Chandigarh: Punjab was today limping back to normalcy with paramilitary forces keeping a tight vigil in areas rattled by violence over desecration of the holy book even as the state government cleared the decks to charge sheet former Faridkot SSP for alleged negligence and police firing on Sikh activists.
The Sikh protesters have now shifted their dharnas and blockades to inner roads with most of the national highways criss-crossing the state witnessing normal traffic movement, officials said.
However, at Panjgrain village in Faridkot from where the two alleged prime accused in Bargari village incident belong protests continued as locals alleged that the brothers were innocent.

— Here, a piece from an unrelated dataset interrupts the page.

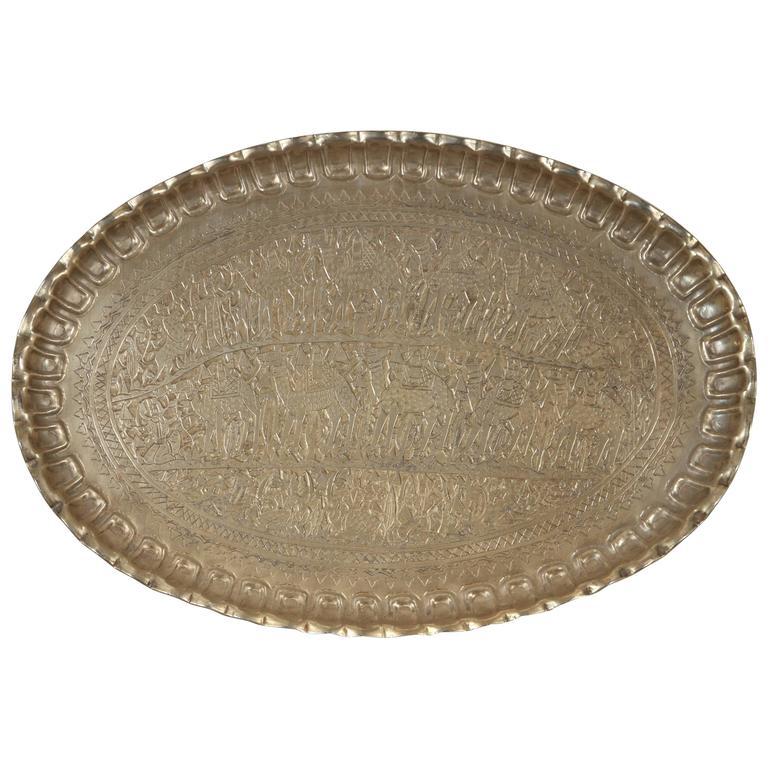Antique Persian Wall Hanging Silvered Tray For At 1stdibs Antique Persian Wall Hanging Silvered Tray For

Traffic movement on Harike Pattan bridge at Tarn Taran and Beas in Amritsar has been restored, police said.
Ten companies of paramilitary forces and Punjab police personnel are keeping a tight vigil in the wake of protests by Sikh organisations, including hardliners in parts of the state, including Tarn Taran, Amritsar, Jalandhar and Fardikot, police said.
Initiating proceedings against former Faridkot Senior Superintendent of Police (SSP) Charanjit Sharma, the Punjab government has cleared the decks to charge sheet him for alleged negligence and police firing on Sikh activists, who had been protesting sacrilege of Guru Granth Sahib at Bargari in Faridkot district, official sources said.
Sharma, who was SSP Faridkot when the holy book was first reported stolen from a gurdwara there, is facing suspension for lapses in the line of duty.
Meanwhile, the hardliners among Sikh politicians and religious preachers feel that the two youths arrested by police in connection with the alleged act of sacrilege in Bargari village are innocent.
Shiromani Akali Dal (Amritsar) president Simranjit Singh Mann said until the 'bir' (scriptures) stolen from Burj Jawahar Singh Wala village was recovered and subjected to forensic tests to confirm that the pages found in Bargari were from it, it was hard to believe the police theory.
"The police story has gaps," Mann charged.
Hardliners alleged that all arrested accused were either baptised Sikhs or gurdwara priests and "none of whom could have done it". They also demanded a CBI probe.